TASK DESCRIPTION:
Retype, without pictures, the line holding "Fay Quilted Cape Sdw+Hook" and each line below it through the final line.

[Crawled caption data]
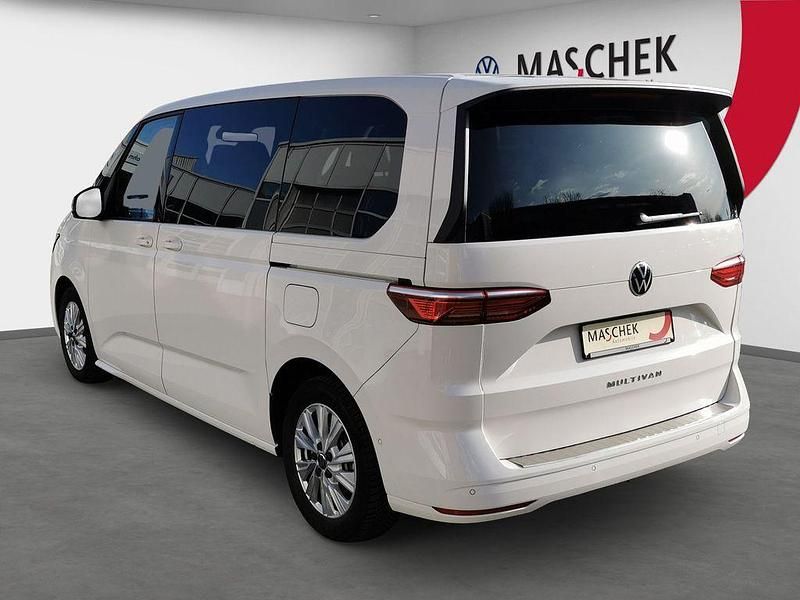 Gebraucht VW Multivan Life 150 PS (110 kW) 2024 Candy weiss Van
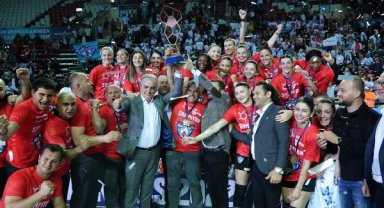 KONYAALTI BELEDİYESPOR KADIN HENTBOL TAKIMI, AVRUPA ŞAMPİYONU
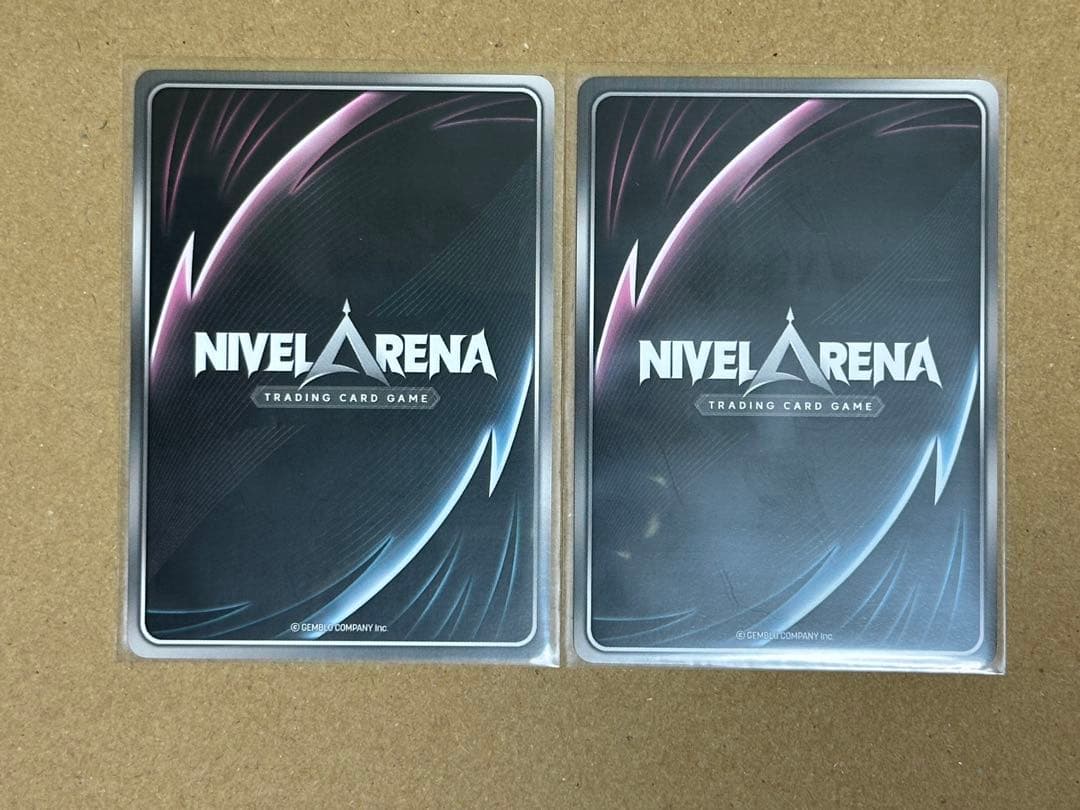 咲*良様 二ベルアリーナ NIKKE ヘルム SPR,UR セット - メルカリ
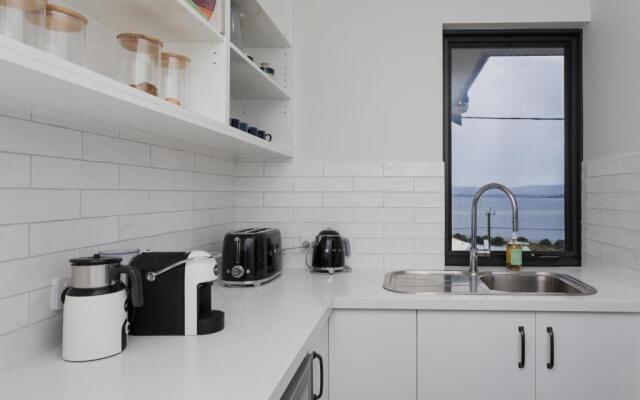 Vancouver's End by the BnB Collection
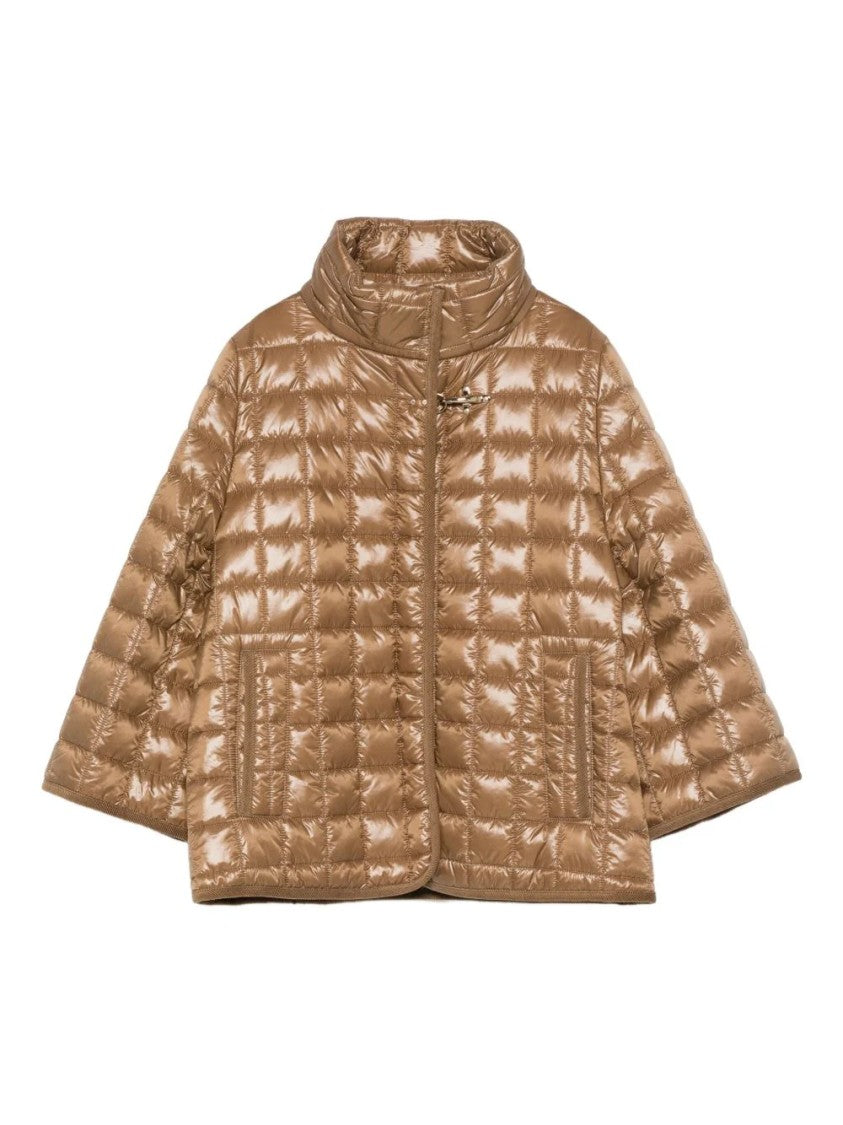 Fay Quilted Cape Sdw+Hook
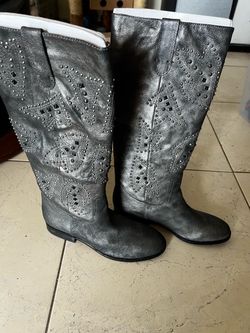 Brand new women’s boots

SOLUTION FOR THIS PROBLEM:
 Fay Quilted Cape Sdw+Hook
 Brand new women’s boots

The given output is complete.